1956年、ダートマス会議で、ジョン・マッカーシー氏により「人工知能」という名前が提示され、これをきっかけに新たな研究分野が生まれたとされる。その後、1957年に「パーセプトロン」という、ニューラルネットワークの基盤となる概念が公案されるなど、人工知能、特にニューラルネットワークに関する研究が活発となった。
これが「第1次人工知能ブーム」である。この時代のAI研究の中心は、主に「(迷路やパズル、数学定理の証明などの)推論・探索」に関するものであった。
しかし1960年代に入ると、単純なパーセプトロンの限界、具体的には線形分離不可能なパターンを識別できないこと(マービン・ミンスキー&シーモア・パパート氏、1969年)などが示されるなど、パーセプトロンでは簡単な問題しか解けないこと(「トイプロブレムの問題」と呼ばれる)が明らかになった。このため、1970年の前半からは、AI研究の人気が下火になる「冬の時代」へと突入していく。
1980年代に入ると、医療など特定分野の知識を蓄積しておき質問に答える「エキスパートシステム」と呼ばれる人工知能が生まれ、世界中の企業で活用されて人気になる。この頃、日本においても政府主導で「第五世代コンピュータ」プロジェクトが進められた。これに多くの日本企業が参加し、日本でも人工知能の採用が隆盛を極めた。
これが「第2次人工知能ブーム」である。この時代のAI研究の中心は、主に「知識」に関するものであった。ちなみに、ニューラルネットワークにおいて、「バックプロパゲーション(逆誤差伝播)」というアルゴリズム(デビッド・ラメルハート氏ら、1986年)が使われるようになったのもこの頃である。

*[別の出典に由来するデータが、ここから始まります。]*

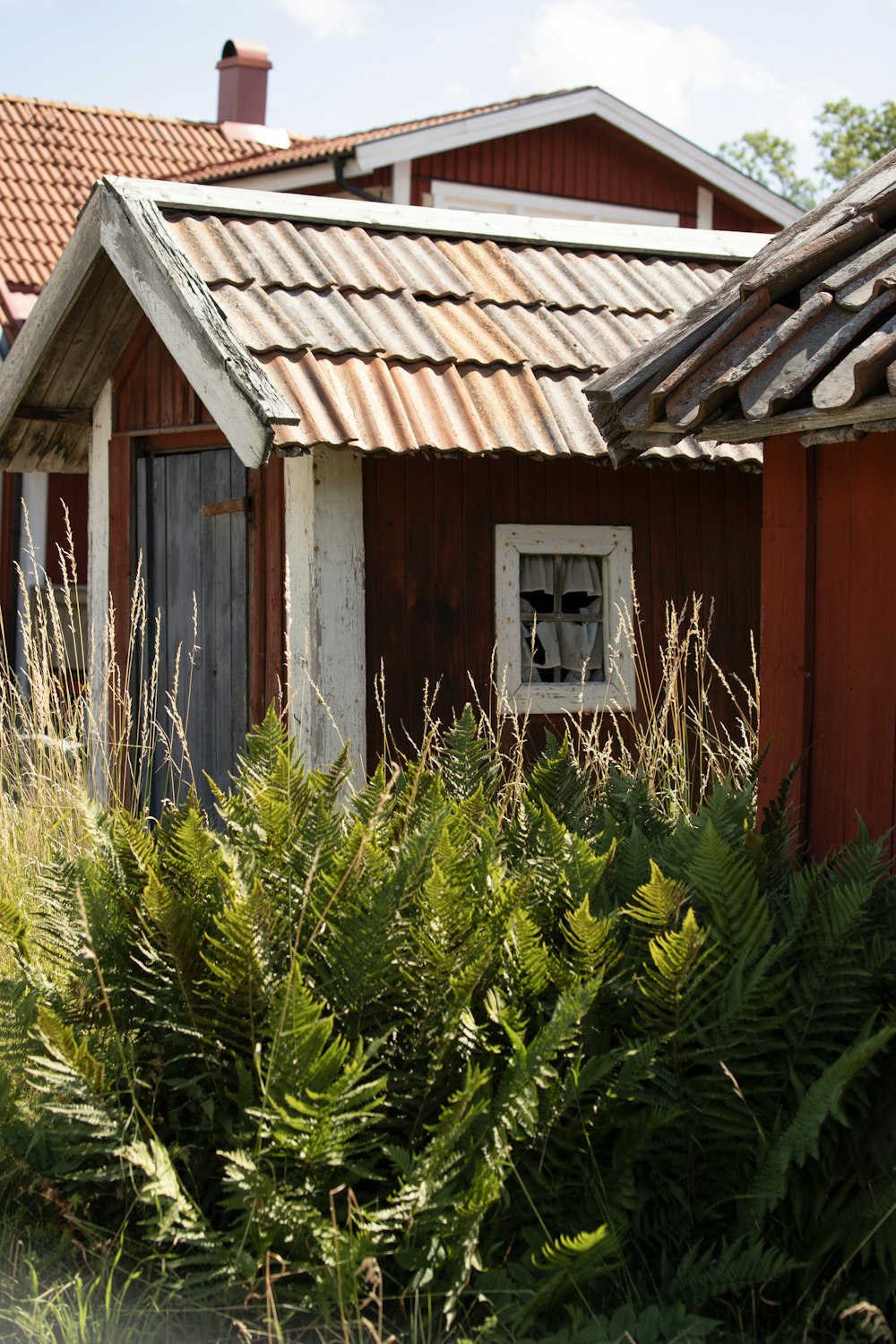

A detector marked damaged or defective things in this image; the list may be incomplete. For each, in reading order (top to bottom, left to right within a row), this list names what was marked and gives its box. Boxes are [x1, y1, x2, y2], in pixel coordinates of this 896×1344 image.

rusted metal surface [588, 145, 896, 452]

しかし1990年代に入ると、エキスパートシステムは知識を膨大に溜めこむ必要があり、莫大(ばくだい)なコストがかかることが明らかになった。それが限界として認識されるようになったことで、産業界への人工知能採用も下火になっていった。2回目の長い冬の時代の到来である。
2006年、その冬の時代を打ち破るきっかけとなる研究(ジェフリー・ヒントン氏ら)が発表された。これが、ニューラルネットワークの階層を深める「ディープニューラルネットワーク」という手法であり、現在の「ディープラーニング」の始まりである。
2010年以降は、コンピュータの性能や容量が大きくなり、インターネットが広く普及して膨大なビッグデータを管理できるクラウドが発展していくなど、データに関する環境が整備され高度化していった。これによって、膨大なデータを必要とするディープラーニングの研究がより容易になった。
2012年に行われた「ILSVRC」(ImageNet Large Scale Visual Recognition Competition: 大規模画像認識コンテスト)で、ディープニューラルネットワークを用いた人工知能(アレックス・クリジェフスキー氏ら)が、他の人工知能の認識精度を大幅に上回った。これが、世界的な熱狂のきっかけとなった。「第3次人工知能ブーム」の始まりである。
このブームは現在も継続中だ。現在のAI研究の中心は、主に「機械学習とディープラーニング」に関するものである。この技術革新の当面の目標あるいはマイルストーンの一つとしてよく挙げられるのが「完全な自動運転」である。